Here’s some take-aways from my last Enterprise Voice Mashup project. Thought I’d record them for posterity… share them with who cares
- The up-front planning was very critical, and helped the back-end go much smoother. Our program manager was excellent, and put together a cross functional team that really covered the bases. Our team included a security team member, the Active Directory engineers, the phone engineers, a representative from the IS and IT departments, the support team, a test engineer, our team and the manager. As you put together your teams, remember these departments.

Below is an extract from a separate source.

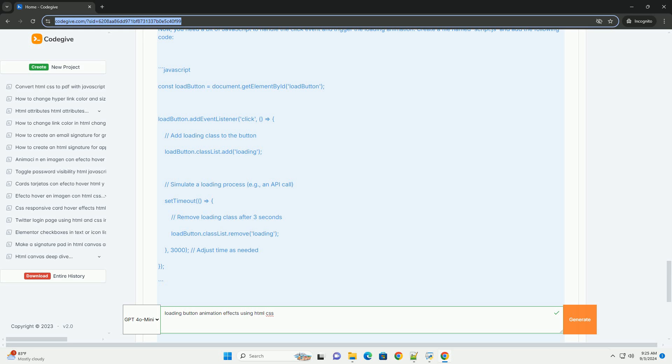Thoughtful choices like duration and easing functions can enhance the overall aesthetic while maintaining usability.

- It really took about a day to integrate into each enterprise system, even when the specification was pretty good. Issues like inconsistency in the databases and directories, legacy issues like dial plans and overloaded active directory servers, and issues with connecting non-Microsoft devices all added to the delays. In the future, good projects will allocate a day to each interface, then a half a day to test the interfaces after installation.
- Our interfaces into the Enterprise IT system included Microsoft Active Directory, Microsoft SQL Server and the Cisco telephone system. H.323 and Skinny were the deployed protocols in this implementation. SIP was not.
- It’s possible that our Linux box was the first our brothers in the IT and IS departments needed to manage. Everything is from Microsoft. From a political and business perspective, it’s probably a better solution to provide them with a “box” than a software solution. Organizations know how to purchase and maintain “boxes”. Non-Microsoft software… not so much.
- We used Adhearsion on top of Asterisk as the heart of the application. It’s been rock solid. One really, really good choice for us was to use the Ruby exception handling to catch any errors in the code, and then to dial a real human being in response to any program error.
- Recording voice prompts is pretty straightforward, but took us five iterations before we were happy with the results.
- Using a “dial by name” like approach to inputing remote data works fine… unless you have a Blackberry. If you do, then you look at the keypad and say “Hey! There’s no letters on this thing!”
As LignUp expected, there’s a market for deploying Voice Mashup boxes… When the Enterprise starts to put that line item on a budget, companies like them will do a fine business. So far, though, those lines don’t exist. The work that we find is work that we create. The CIO simply does not have voice mashups on the top of the IT list. The good news is that the CFO will love the savings, and will eventually demand the CIO add one.